菅野秀浩のちょっといい話

第22話 映像の嘘Ⅱ

映像の嘘Ⅱ 挿絵

 先章の映像の重大な社会問題とは、創られた嘘の事象を、あたかも本物の如く思い込むという事にある。そんなことは現代では当たり前で、別に重大なことではないように思われがちだが、そのものが嘘だとわかって、嘘を楽しむ分には良い。
しかし、嘘だとわからずに、初めから実在するものと信じるところに問題が生じる。

 恋愛劇や時代物は良い。
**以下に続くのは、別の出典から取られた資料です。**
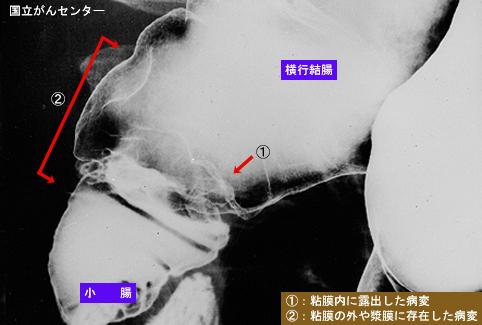 画像ID:5636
しかし、空想物や戦争、暴力や破壊や傷害は、見る者にとって極めて現実味溢れる映像は、いやが上にも臨場感を煽るが、暴力や破壊や傷害の、痛みや血しぶき、つらさや悲しみは傍観する第三者には直接肌には伝わらず、その事象だけが現実のごとく残像し、本当に思えてくる。
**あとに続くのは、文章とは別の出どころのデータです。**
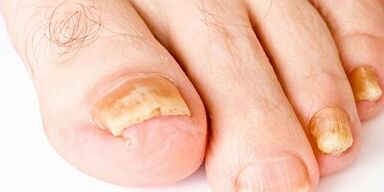 Cómo y cómo curar el hongo de las uñas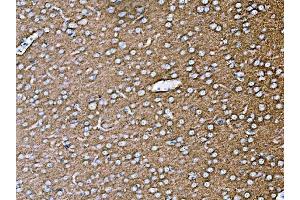 IHC analysis of SYP using anti-SYP antibody (ABIN7603120). (Synaptophysin Antikörper  (N-Term))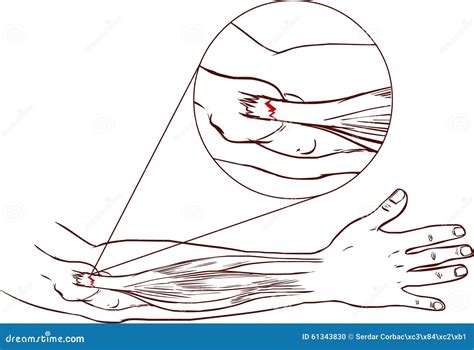 Elbow Common Extensor Tendon Tear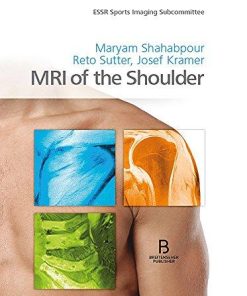 MRI of the Shoulder Kindle Edition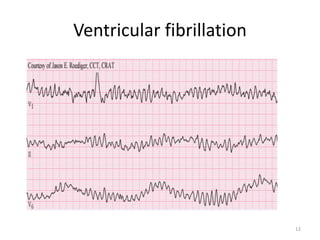 Ventricular fibrillation
12
 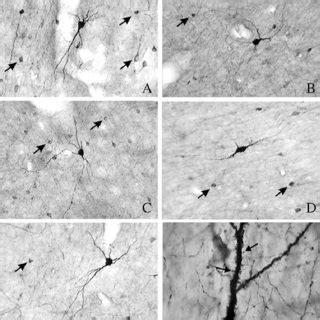 Photomicrographs Of Different Cytological Types Of Nadph D Type I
 曾て60年代迄の映画は、SF(サイエンス・フィクション)物や活劇では、宇宙科学も、壊れる家もビルも、崖から落ちる車も、稚拙な「特殊撮影(トクサツ)」技術を最大限に駆使して、本物らしく破壊されて、見る者も嘘と心得て、本当の事のように納得した。
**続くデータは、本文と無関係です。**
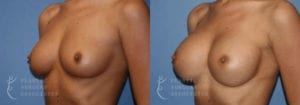 Patient 21b Breast Augmentation Before and After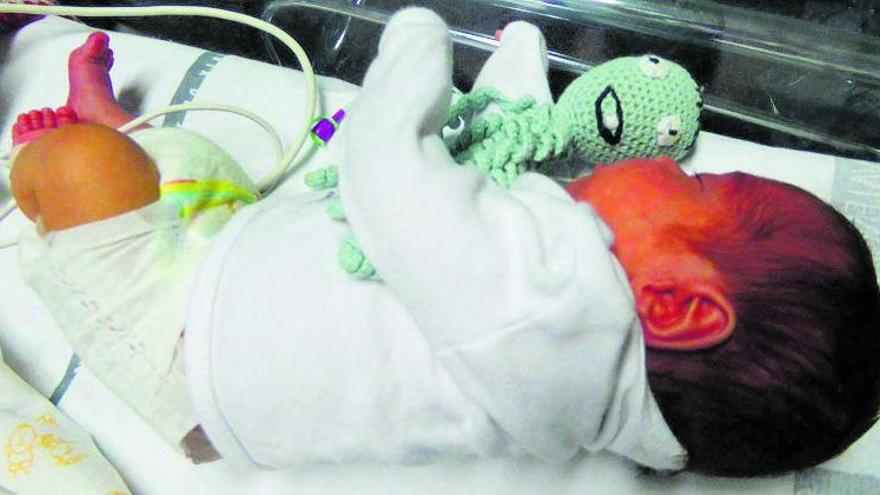 Un bebé recién nacido y prematuro hospitalizado.  | | LP/DLP
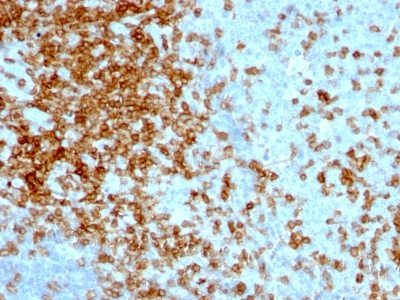 CD43 Monoclonal Mouse Antibody (84-3C1)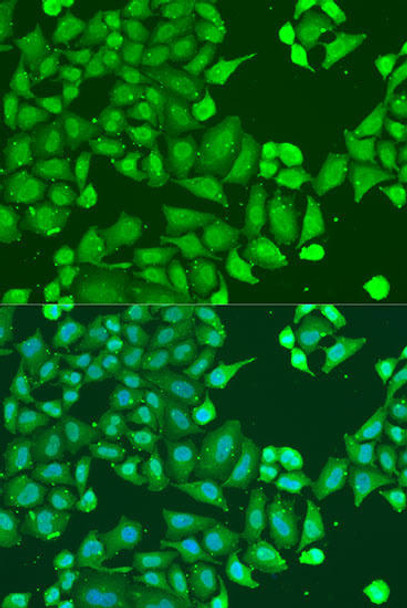 Anti-GNAI3 Antibody (CAB15674)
 68年「2001年宇宙の旅」、75年スティーブン・スピルバーグ監督の「ジョーズ」は、本格的SFX(スペシャル・エフェックス)の幕開けとなり、90年代の「ジュラシック・パーク」「インディペンデンス・デイ」「タイタニック」「マトリックス」は、愈々CG(コンピュータ・グラフィックス)の登場で、本物以上の創り物が画面を席巻した。

 映像は嘘。嘘を本当と信じない事である。